What is SO hard with that?

He did not stop there. He went on to change the name of the country from the France-baptized Upper Volta to Burkina-Faso meaning, “The land of upright men.” And God knows, he was an upright man. Even his young brother got fed half-baked beans when he finally got round to visiting State House. Not the 7-Course Gourmet meal he had anticipated. He also re-wrote the national anthem. The one whose earthly possessions (tallied at the end of his life) was a brick house, three guitars, four bikes, a fridge and a broken down freezer was to be seen spending entire mornings in the fields with the farmers, and jogging through the city streets in the evenings.

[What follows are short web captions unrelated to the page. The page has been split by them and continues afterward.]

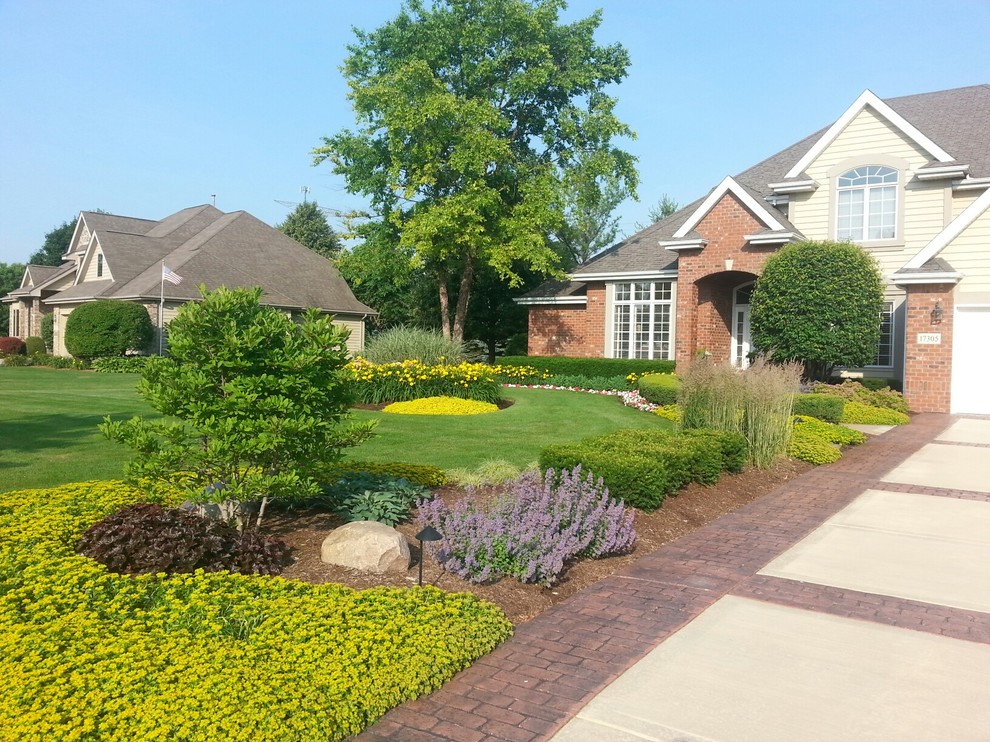 Photo of a medium sized traditional front driveway full sun garden for summer in Chicago with brick paving.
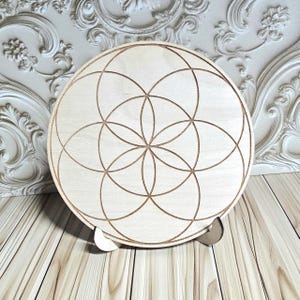 Peut inclure: Un objet d&eacute;coratif rond en bois clair avec un motif g&eacute;om&eacute;trique. Le motif pr&eacute;sente des cercles qui s'entrecroisent, cr&eacute;ant un motif floral. La pi&egrave;ce est soutenue par un petit support en bois.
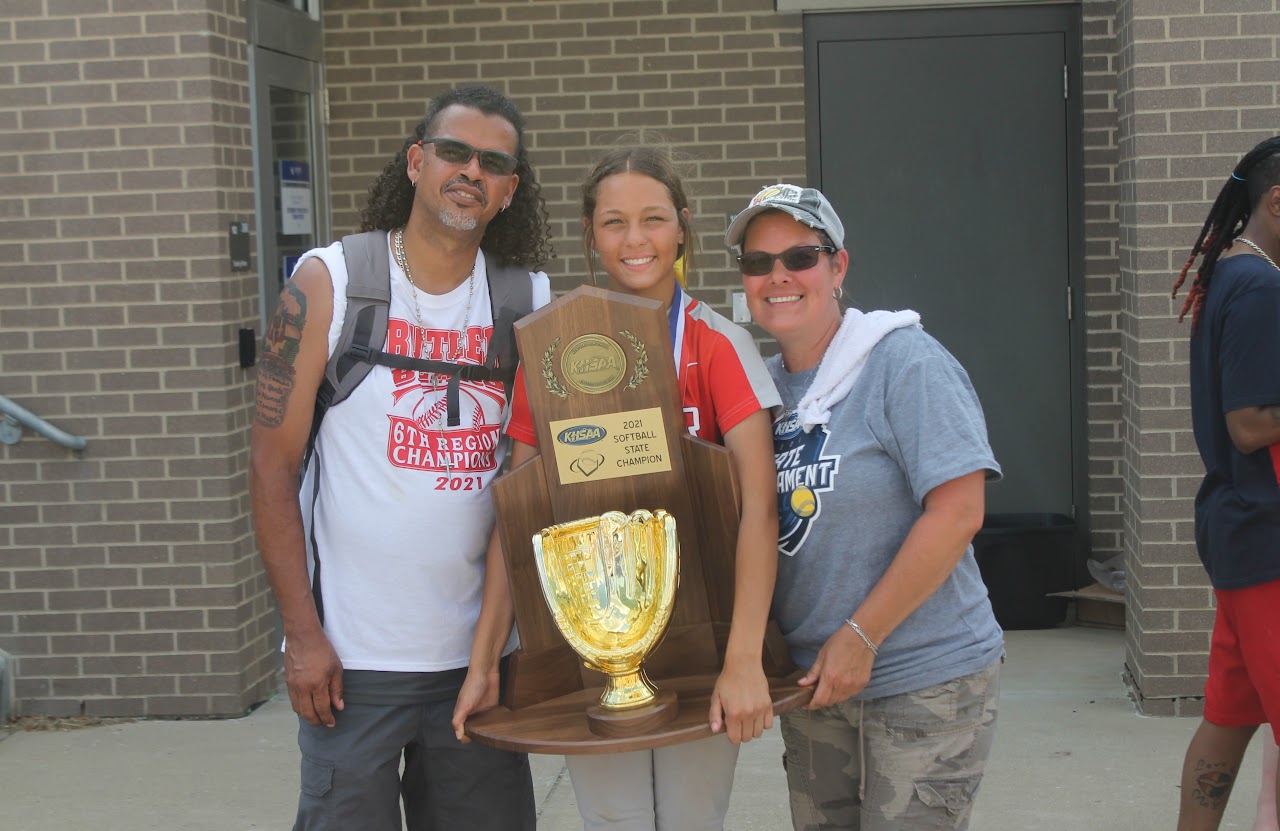 Congratulations to the winning team! They are posing with their trophies and sports equipment, celebrating a successful season.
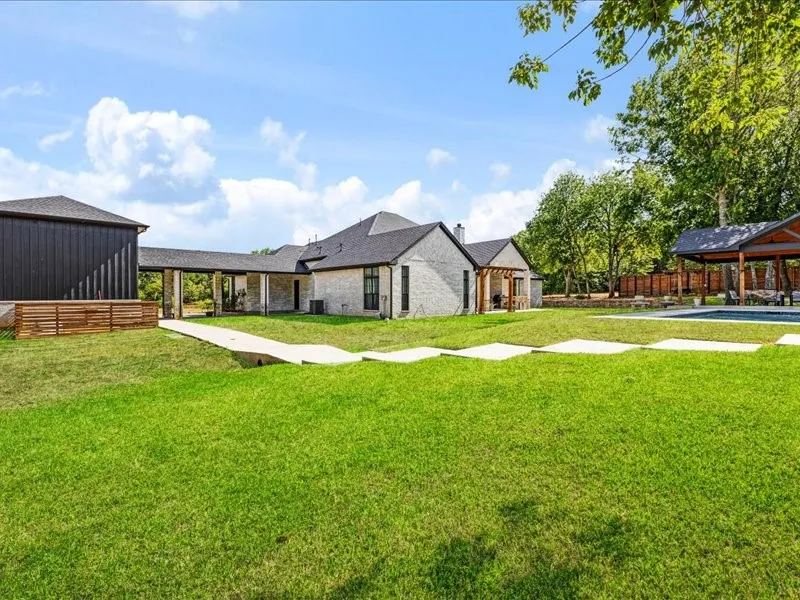 Expansive green lawn, light-colored brick exterior, dark-paneled auxiliary building, covered walkway, and outdoor pool with covered patio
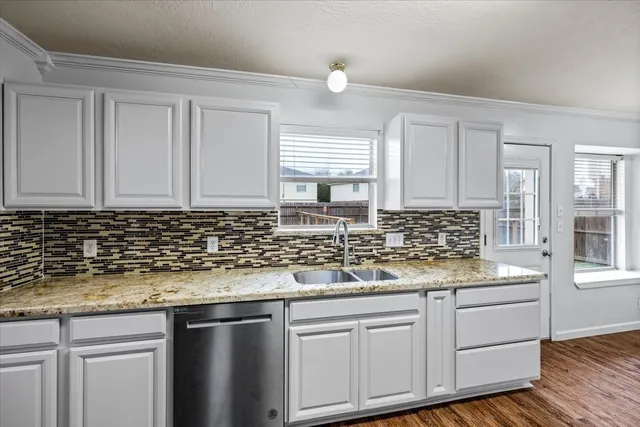 a kitchen with stainless steel appliances granite countertop white cabinets and sink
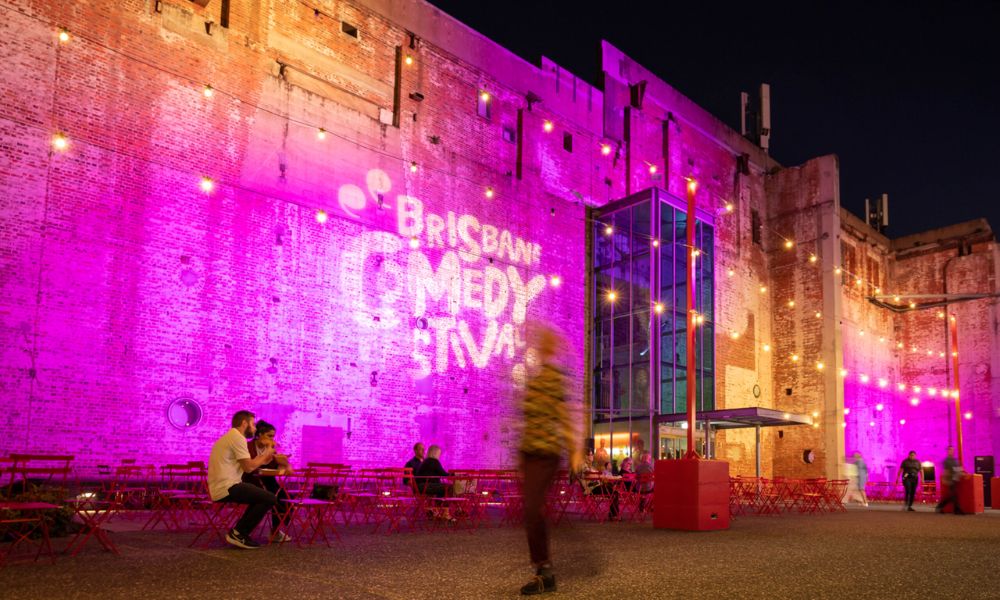 Exterior photo of Brisbane Powerhouse, lit up with projections of Brisbane Comedy Festival
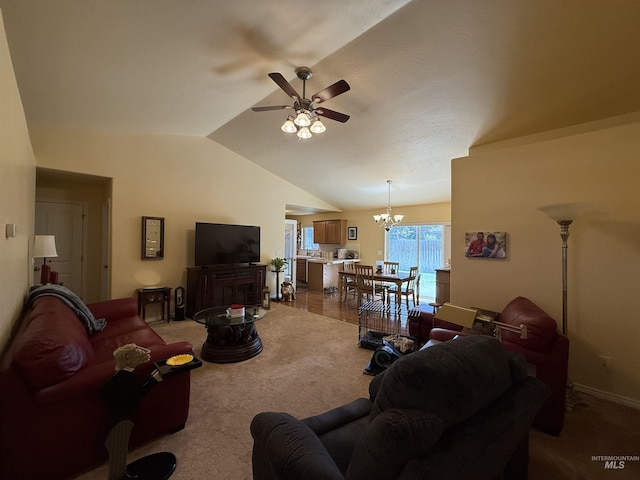 1053 Caswell Ave W, Twin Falls, ID 83301 - carpeted living area featuring a ceiling fan, lofted ceiling, and a chandelier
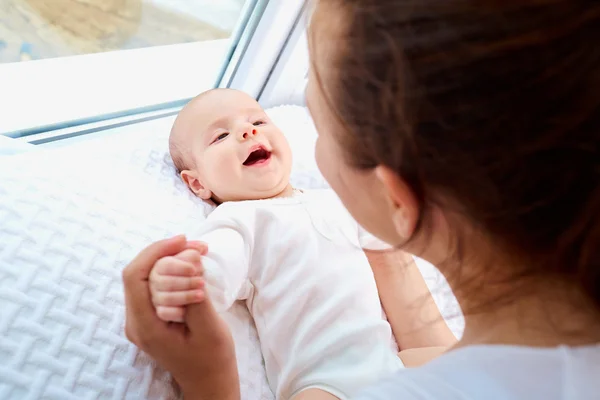 Happy family.Mother playing with newborn baby near the window. — Stock Photo, Image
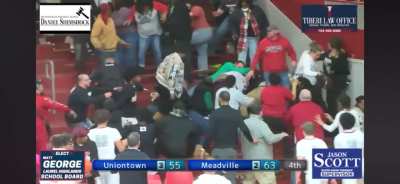 Fight breaks out in the stands of basketball game, chaos ensues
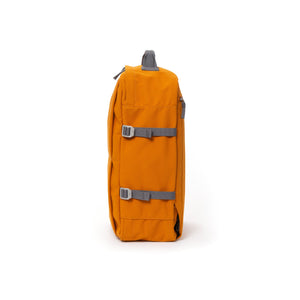 Orange waterproof canvas travel backpack with compression side straps.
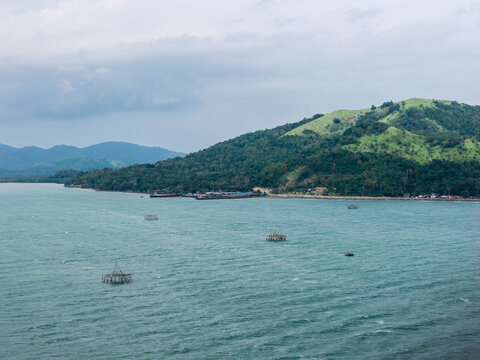 Ajuy, Philippines - 23 August 2026: Aerial view of the coastal landscape in Ajuy, featuring lush green hills, turquoise waters, and traditional fishing structures in the bay under a cloudy sky.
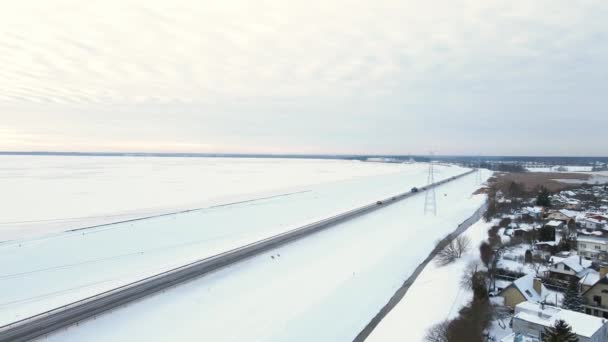 Линии электропередач с башнями рядом с дорогой с движением и деревней зимой — стоковое видео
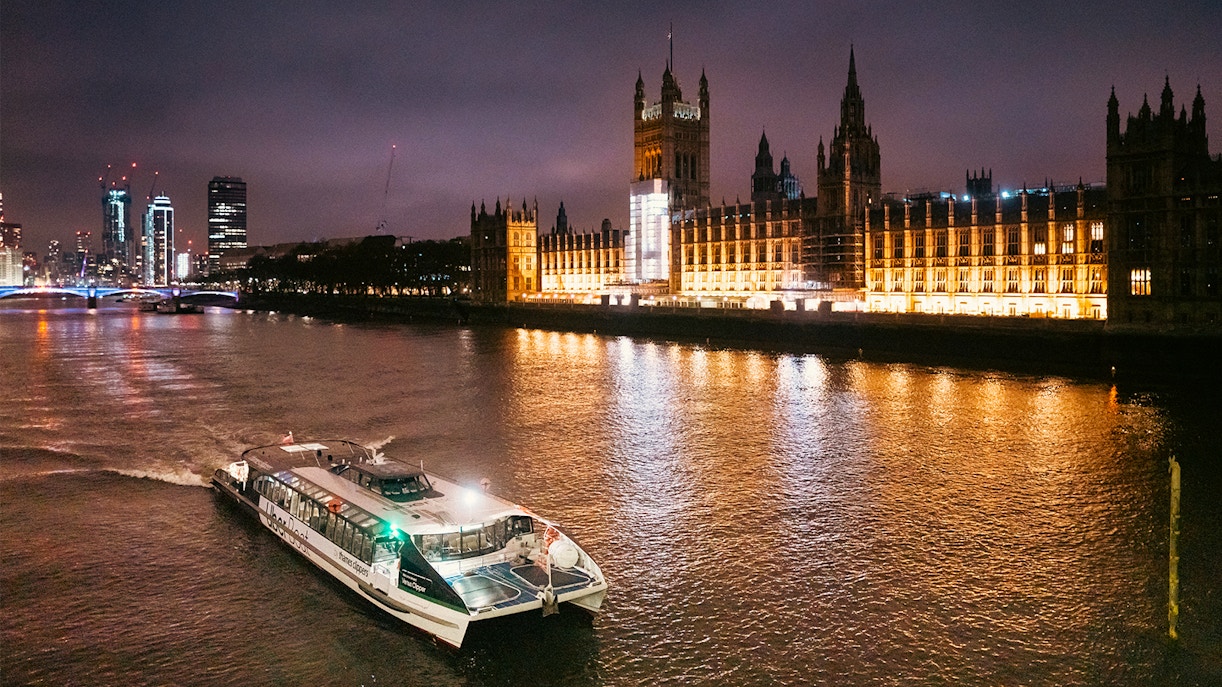 Uber Boat on Thames River at night passing illuminated Houses of Parliament, London.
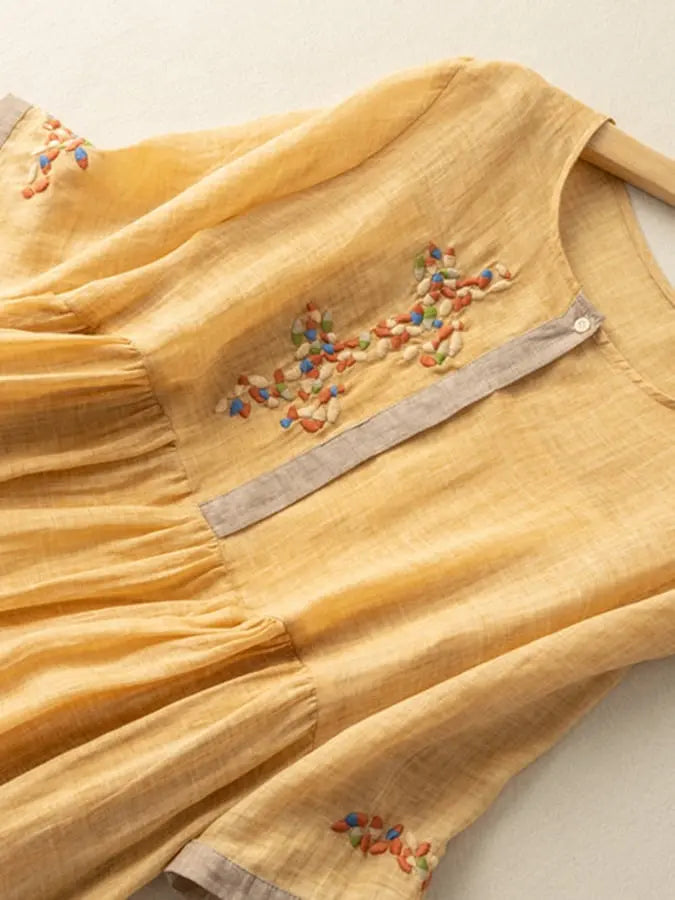 Abito giallo in lino con ricami colorati, maniche corte e scollo rotondo. Design elegante e casual, perfetto per la moda estiva femminile.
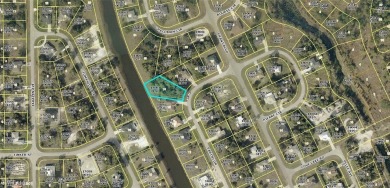 This oversized lot is just a few blocks from SR 82 and backs up on Mirror Lakes Golf Club in Florida - for sale on GolfHomes.com, golf home, golf lot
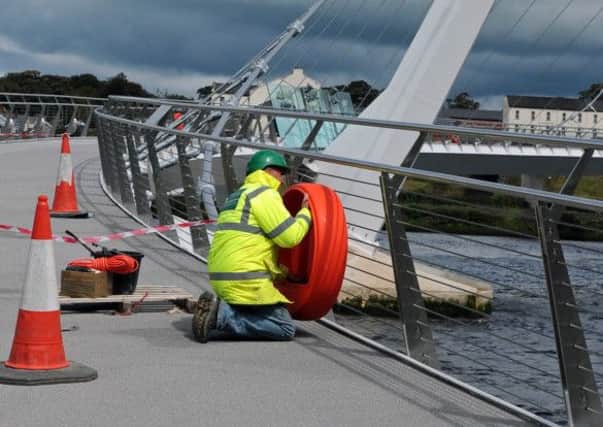 A workman placing the housing for a lifebelt on the railings of the Peace Bridge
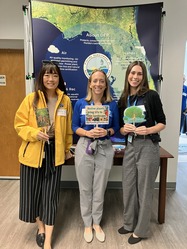 3 staff standing together holding signs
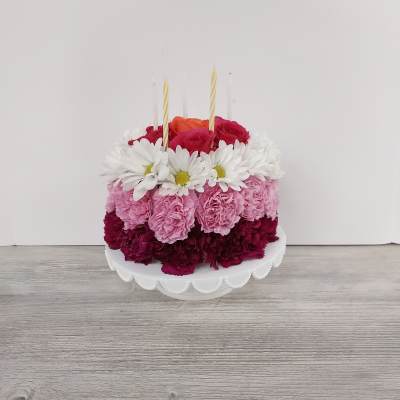 Round floral cake of pink carnations, white daisies, and roses with candles on a white cake stand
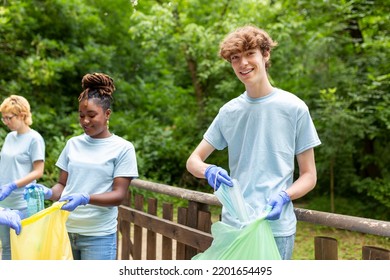 Young Responsible People Doing Community Charity Work In The Park. Group Of People, Cleaning Together In Public Park, Saving The Environment.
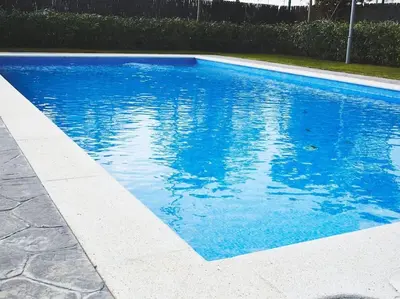 a swimming pool with blue water in a yard at Alcam Cervantes Playa Badalona in Badalona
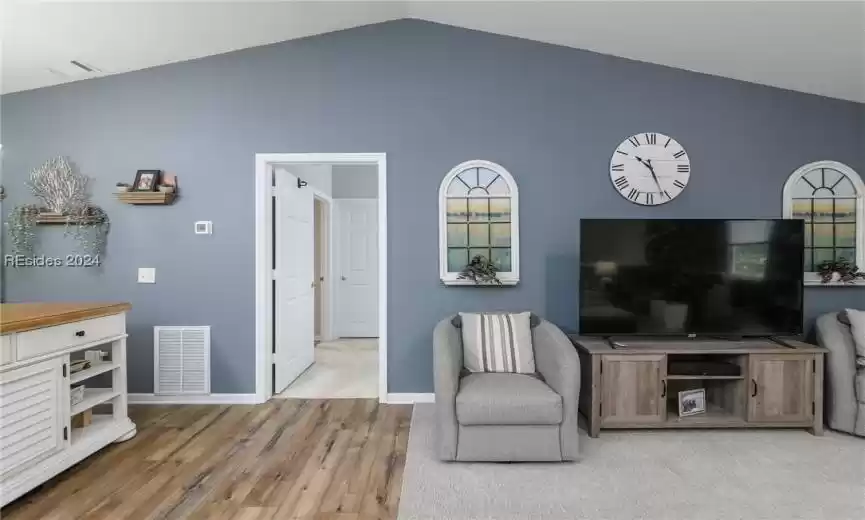 Sitting room with light carpet and lofted ceiling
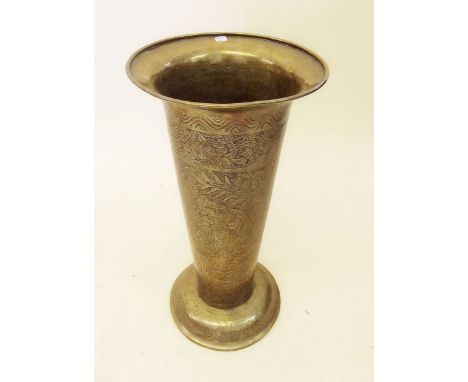 An Eastern heavy brass tapered stick stand with engraved decoration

He spoke to the powers that be, that considered him a rebellious leader in a former colony. The pan-Africanist he was, he spoke out against apartheid, telling French President Jacques Chirac to his face (during his visit to Burkina Faso), that it was wrong for him to support the apartheid government and that he must be ready to bear the consequences of his actions. Old Chirac did not flinch. He looked on in disdain.

But this young man was unstoppable. His conviction was stronger than his need to please. He went to the club of old tired African men in Addis Ababa. By golly, he was a breath of fresh air – he raffled feathers! “How about we all refuse to pay our debts,” he chest-thumped. “If only I do it, I will not be here next year. I’ll be killed. But if we all repudiate these debt repayments that are holding the continent hostage, they cannot kill us all!” The tired men shuffled their feet. The atmosphere was uneasy. Some were amused. Most of them bemused. “This young man must be high on cotton seeds,” they surmised. From the days of Leopold Sedar Senghor, Julius Kambarage Nyerere and Osagyefo Kwame Nkrumah, no one had spoken with such conviction.

Well, true to his words, the young man never returned to the gizzers’ club house in Addis Ababa.

THOMAS NOEL ISIDORE SANKARA. He was assassinated 34 years ago today. Shall we see another like him?

May God deliver Africa from the continuing hemorrhage of its resources by marauding bands of suited robbers who have turned our leaders, content in their hedged palaces, into run-of-the-mill collaborators against their own people!